→ **Task**:
With pictures removed, print the listing exactly.

→ **Material provided**:
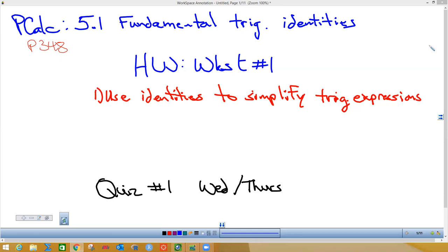This is Chapter 5, Section 1, page 348 in your books. We are doing what's called the fundamental trigonometric identities. You got home worksheet number one, which all of you have on your desk. On the front is the worksheet, which was also on Canvas last week — you were supposed to try the first five. On the back are the answers. What we're trying to do today is take those expressions and simplify them.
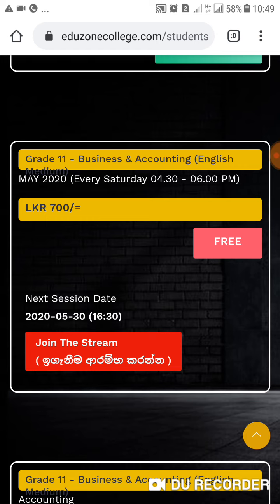So what you should do — like around 4.30, you should click the red color label. You can see a red color label here: 'join the stream'. Like around 4.30, you should click this label. Once you click the label, it will automatically let you join the Zoom meeting. For that, you should have downloaded the Zoom app.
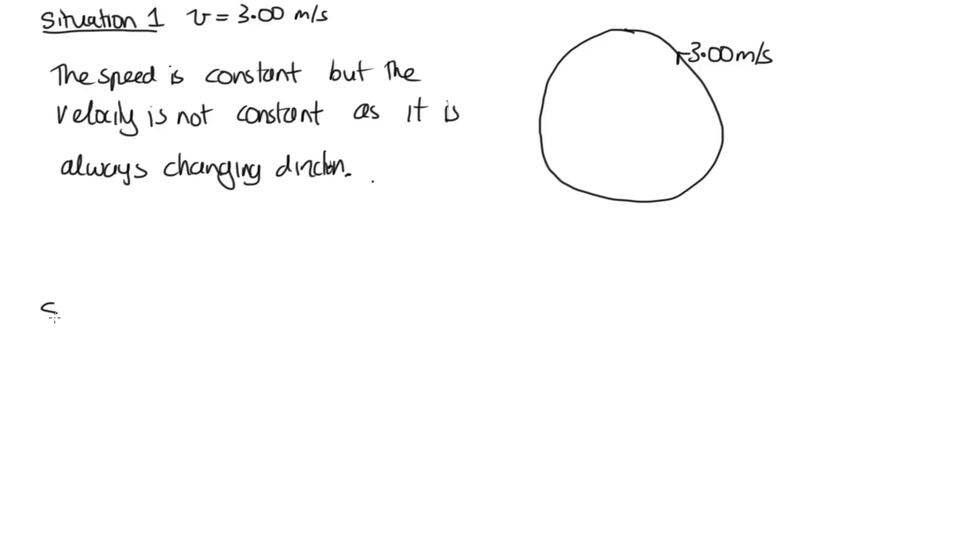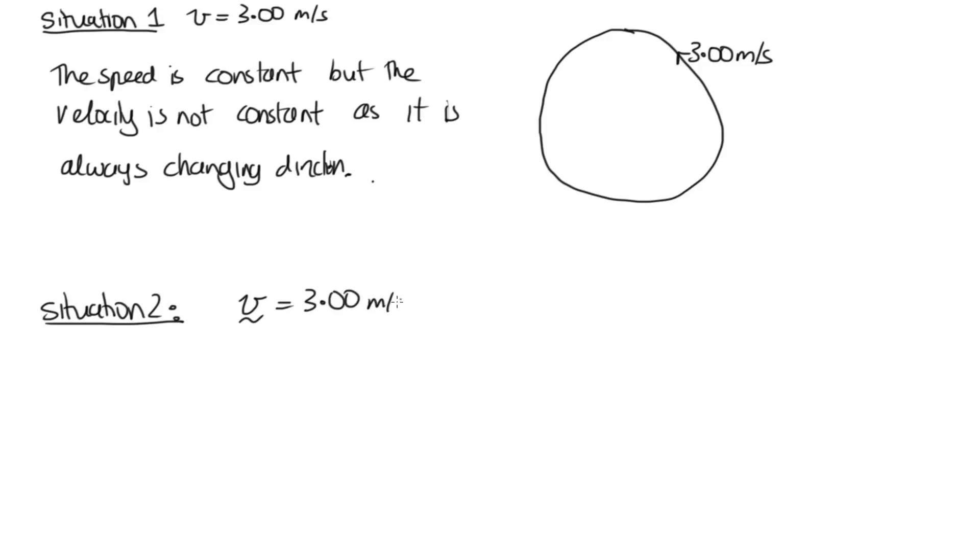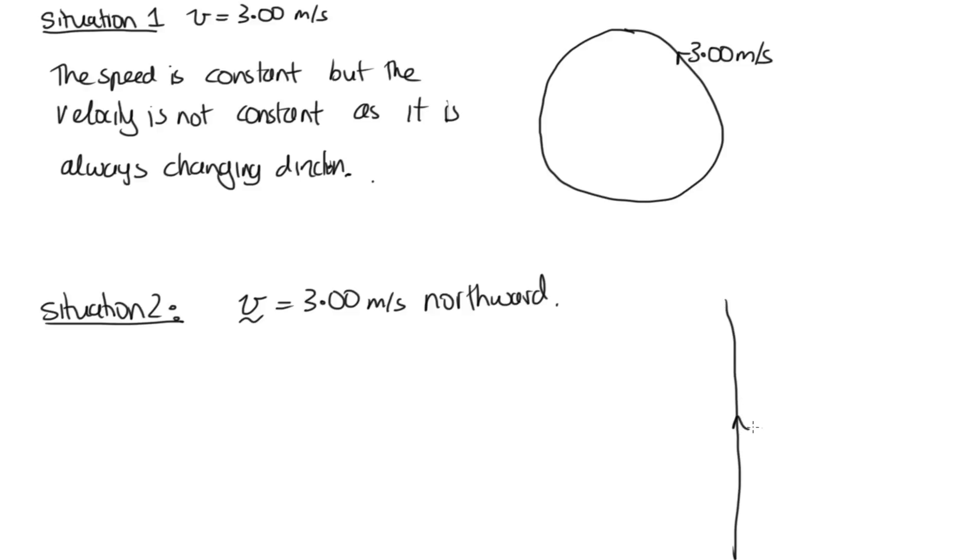Now, in situation 2, we've got a constant velocity of 3 metres per second northwards. So this means it's always going in the same direction, and the magnitude of its velocity is always the same.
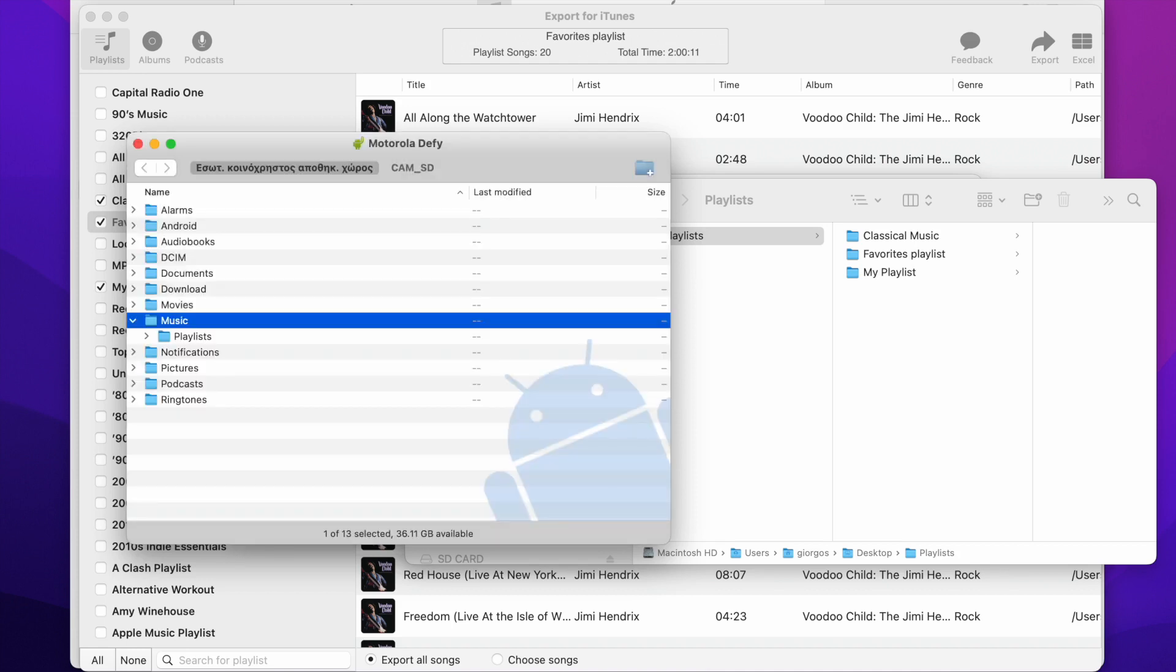Your music playlists are now on your Android phone. Thank you for watching.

→ **Finished exercise**:
This is Chapter 5, Section 1, page 348 in your books. We are doing what's called the fundamental trigonometric identities. You got home worksheet number one, which all of you have on your desk. On the front is the worksheet, which was also on Canvas last week — you were supposed to try the first five. On the back are the answers. What we're trying to do today is take those expressions and simplify them.
So what you should do — like around 4.30, you should click the red color label. You can see a red color label here: 'join the stream'. Like around 4.30, you should click this label. Once you click the label, it will automatically let you join the Zoom meeting. For that, you should have downloaded the Zoom app.
Now, in situation 2, we've got a constant velocity of 3 metres per second northwards. So this means it's always going in the same direction, and the magnitude of its velocity is always the same.
Your music playlists are now on your Android phone. Thank you for watching.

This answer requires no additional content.